Donald Trump va nommer un troisième membre ou ex-membre de la grande famille Goldman Sachs dans son cabinet : il s'agit de Gary Cohn, actuel numéro deux de la banque et futur président du conseil économique du président désigné.

Donald Trump a choisi, depuis son élection, deux autres membres de la filière Goldman Sachs pour faire partie de son équipe : Steven Mnuchin, un producteur d’Hollywood et un gestionnaire de fonds spéculatif, a été nommé secrétaire au Trésor alors que Steve Bannon, qui a créé un site web de désinformation, a été nommé conseiller stratégique de la Maison-Blanche.

Ainsi, le futur président des États-Unis, qui a remporté l’élection du 8 novembre en se présentant comme un candidat « hors système », un réformateur et promettant de défaire les relations incestueuses entre certains secteurs de l’économie et le Congrès, le prochain président a donc choisi de s’inscrire dans la tradition en optant pour des candidats associés, actuellement ou dans le passé, à Goldman Sachs.

Barack Obama l’a fait en optant pour Timothy Geitner à titre de secrétaire au Trésor de 2009 à 2013. George W. Bush aussi s’est tourné vers Goldman Sachs en choisissant Henry Paulson, au Trésor également, de 2006 à 2009. Et puis, Robert Rubin, de 1995 à 1999, et Lawrence Summers, de 1999 à 2001, ont aussi occupé cette fonction sous la présidence de Bill Clinton.

Ailleurs dans le monde, l’actuel gouverneur de la Banque d’Angleterre et ancien gouverneur de la Banque du Canada, Mark Carney, est aussi un produit de Goldman Sachs. C’est le cas également du président de la Banque centrale européenne Mario Draghi. Et puis, dans le sens inverse, José Manuel Barroso s’est joint à la célèbre banque l’été dernier après avoir été président de la Commission européenne.
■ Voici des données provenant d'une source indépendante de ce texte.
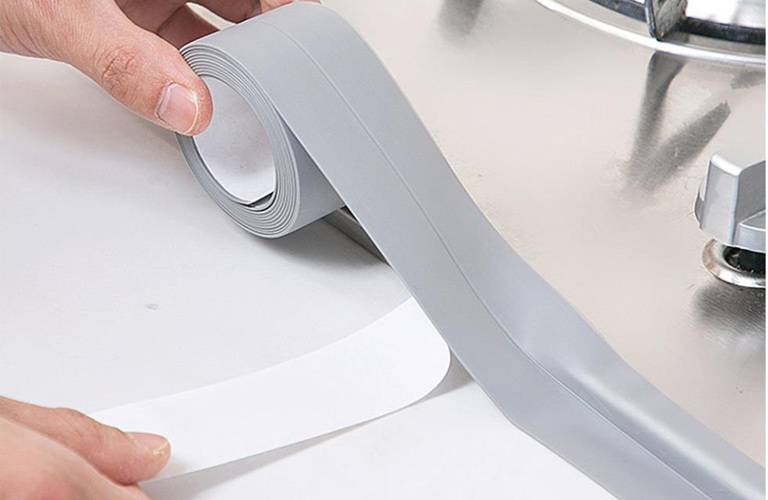 Dùng băng keo giấy để canh mép bắn để tạo đường keo thẳng, không lem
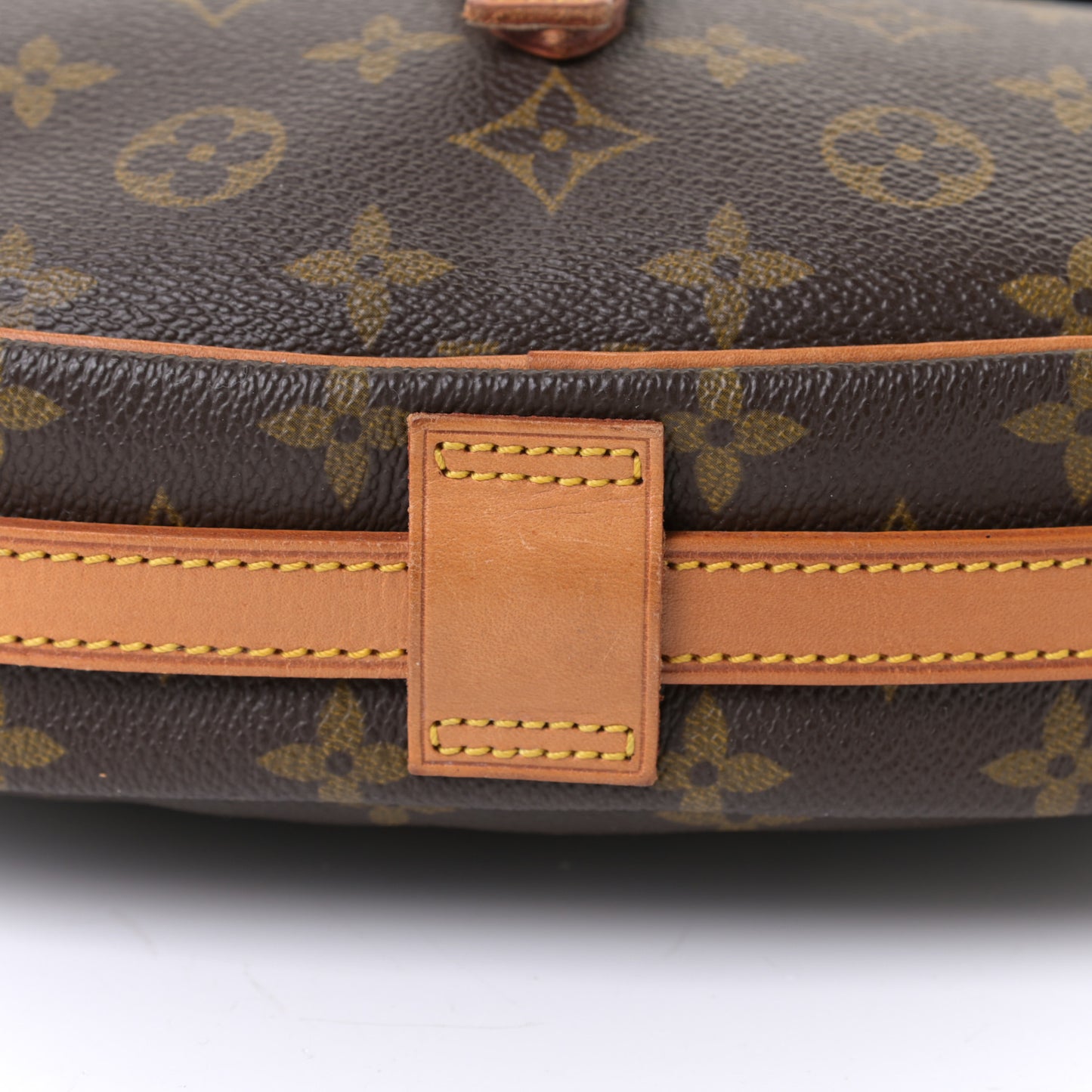 Monogram Jeune Fille
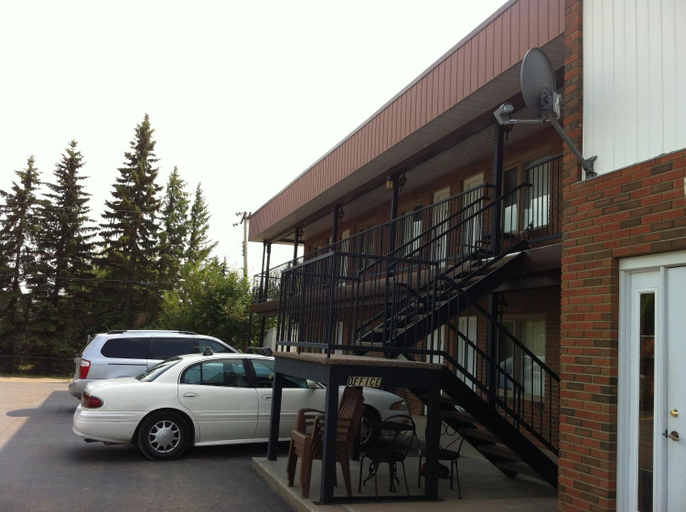 Others 5, Rest Easy Motel, Division No. 5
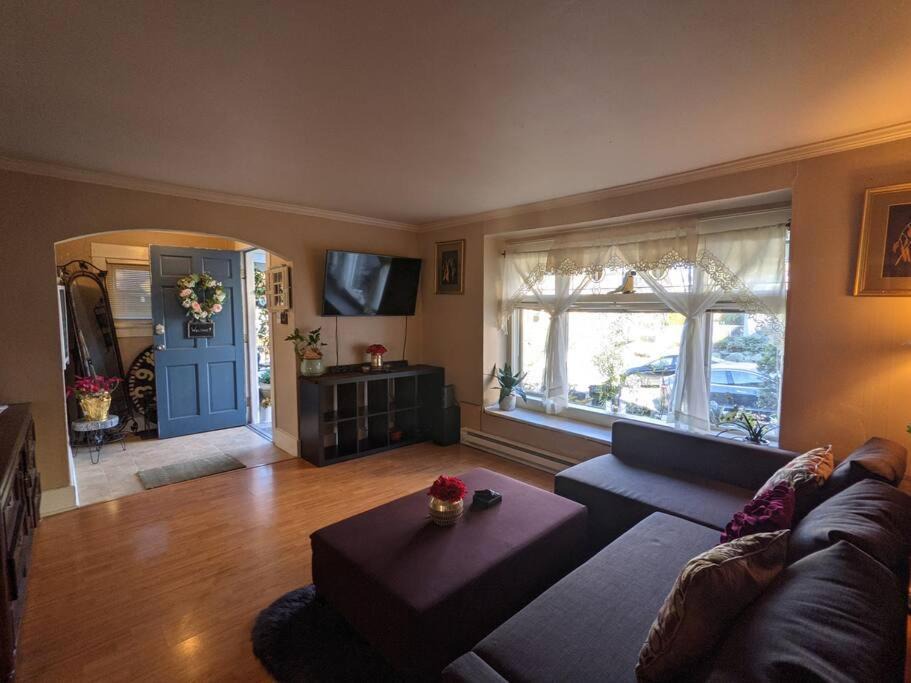 Photo of Others in Queen Anne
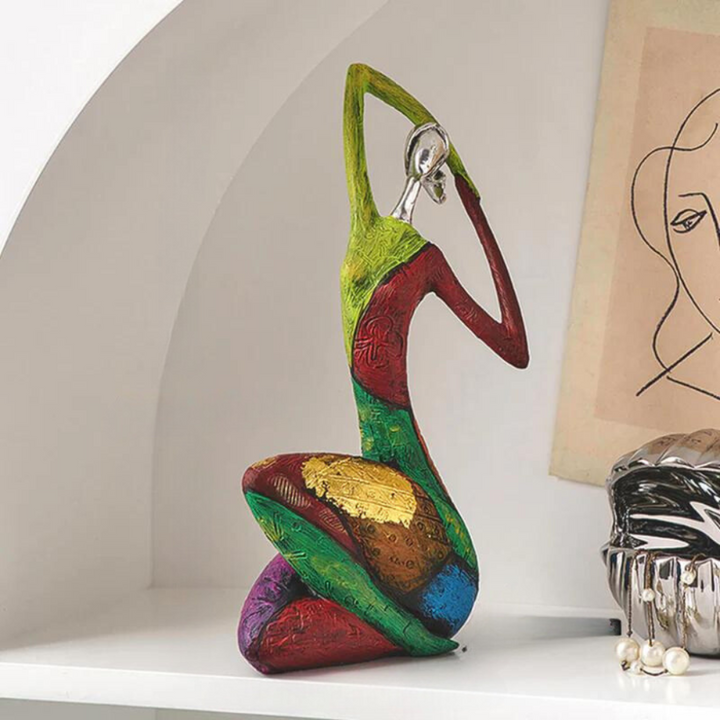 Moderne künstlerische abstrakte Frauenskulptur aus Kunstharz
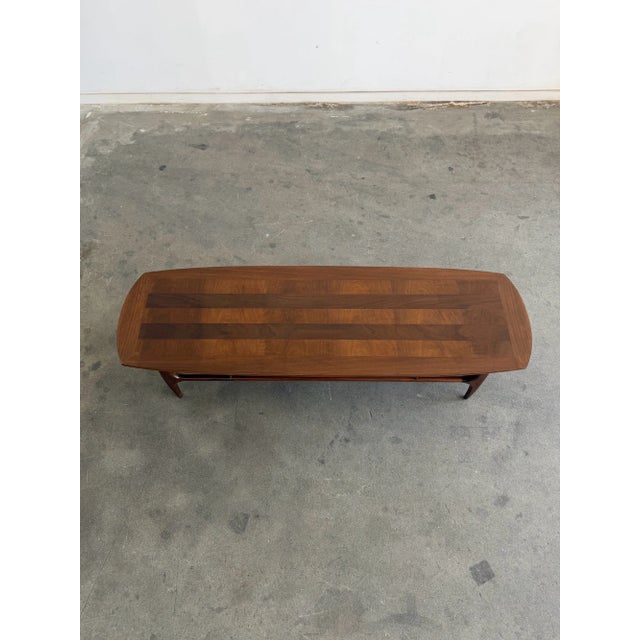 Wood 1950s Sculptural Coffee Table in Walnut For Sale - Image 7 of 15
Goldman Sachs près du pouvoir

Goldman Sachs est la banque d’affaires la plus près du pouvoir sur la planète. C’est elle qui oriente plusieurs politiques économiques et budgétaires depuis des décennies. C’est elle aussi qui a aidé la Grèce à maquiller ses chiffres budgétaires avant de parier, par l’entremise de « credit default swap », sur sa faillite.

« La stratégie de Goldman Sachs, une stratégie articulée et bien exécutée, c’est de se rendre indispensable au bon moment aux hommes et aux femmes politiques » nous expliquait le 1er décembre dernier l’expert en gouvernance Yvan Allaire.
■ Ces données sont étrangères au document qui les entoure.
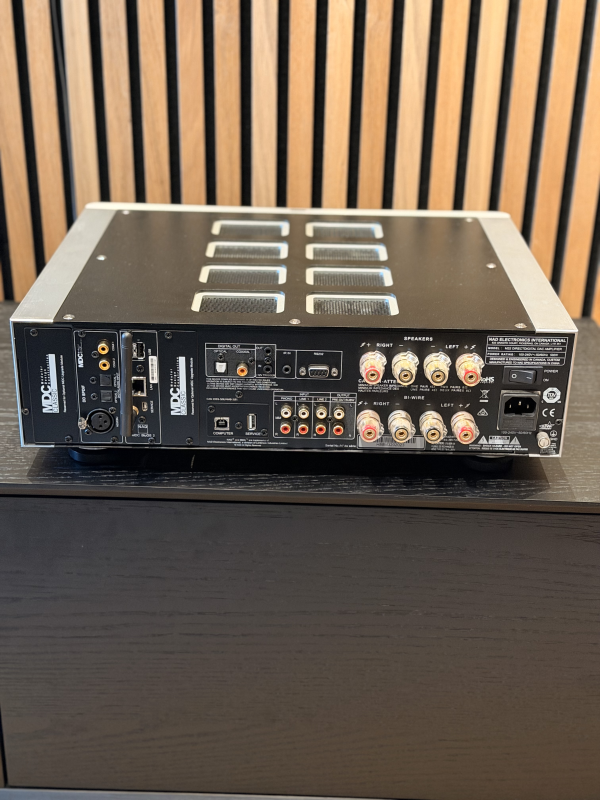NAD M32 + Bluesound Modul, Komplett i Kartong (Nyskick) - Bild 5 av 7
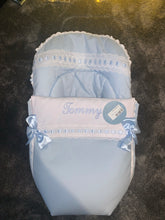 Load image into Gallery viewer, Artenas Car Seat Footmuff *various colours*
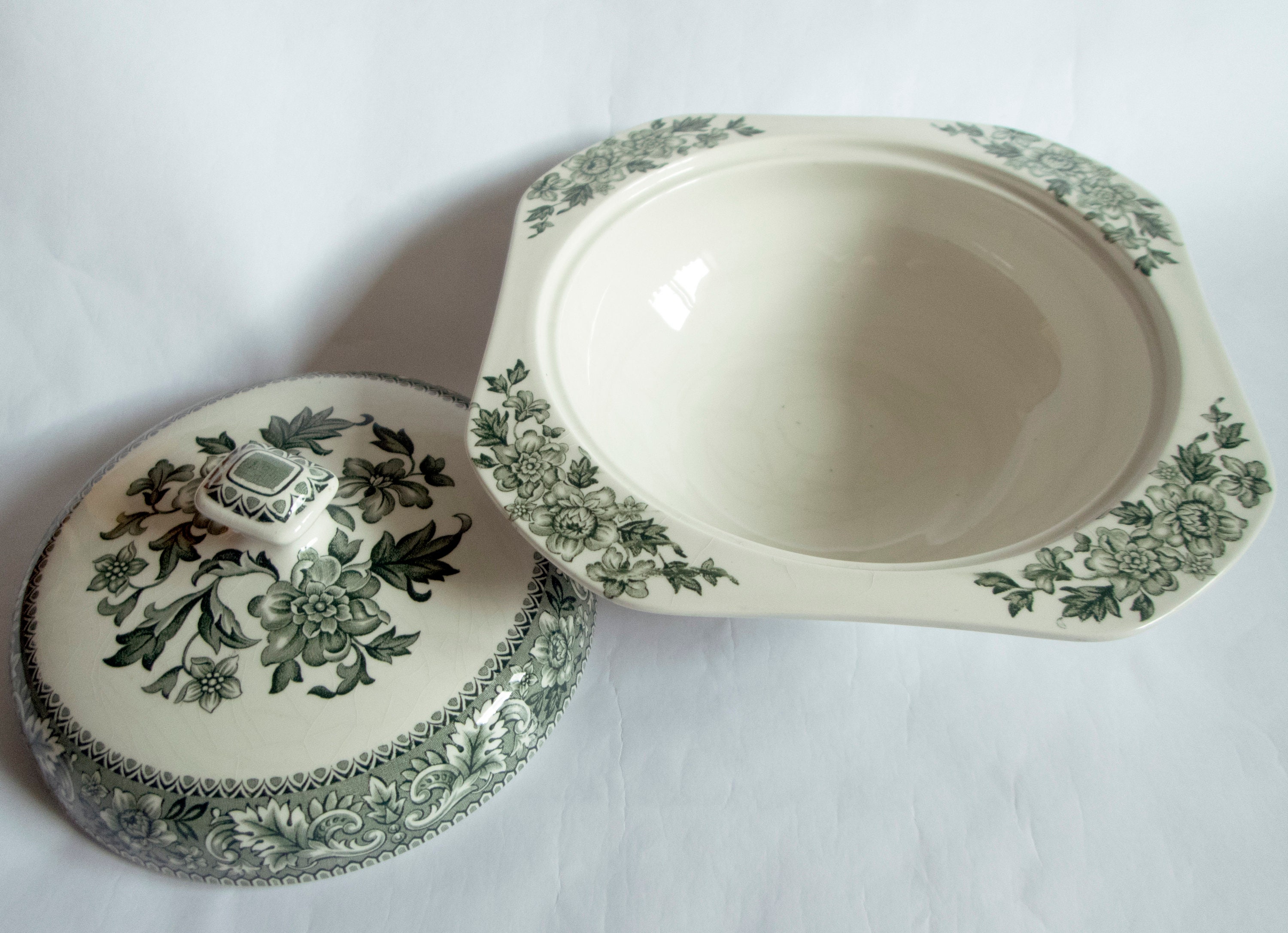 Wood and Sons 'Westminster' Green and White Tureen - Etsy 日本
On comprend mieux pourquoi Goldman Sachs et Bank of America ont bondi de 35 % depuis l’élection de Donald Trump le 8 novembre dernier. Le président désigné a dit qu’il voulait abolir certaines règles dans le milieu bancaire et les nominations qu’il fait confirment clairement cette intention.

Nous n’oublions pas, pourtant, que c’est la déréglementation financière et des prises de risque inconsidérées qui ont mené à l’éclatement de la bulle immobilière aux États-Unis, à l’effondrement de plusieurs entreprises, à la déconfiture des « subprimes », à la pire crise financière depuis 1929, à la grande récession, à des millions de pertes d’emplois, à du chômage, de la pauvreté, de la misère… ce qui a certainement alimenté, en partie, la colère de bien des Américains qui ont choisi de voter pour Donald Trump.

Pourtant, on peut se demander si les choix du prochain président ne nous conduisent pas à une prochaine crise financière?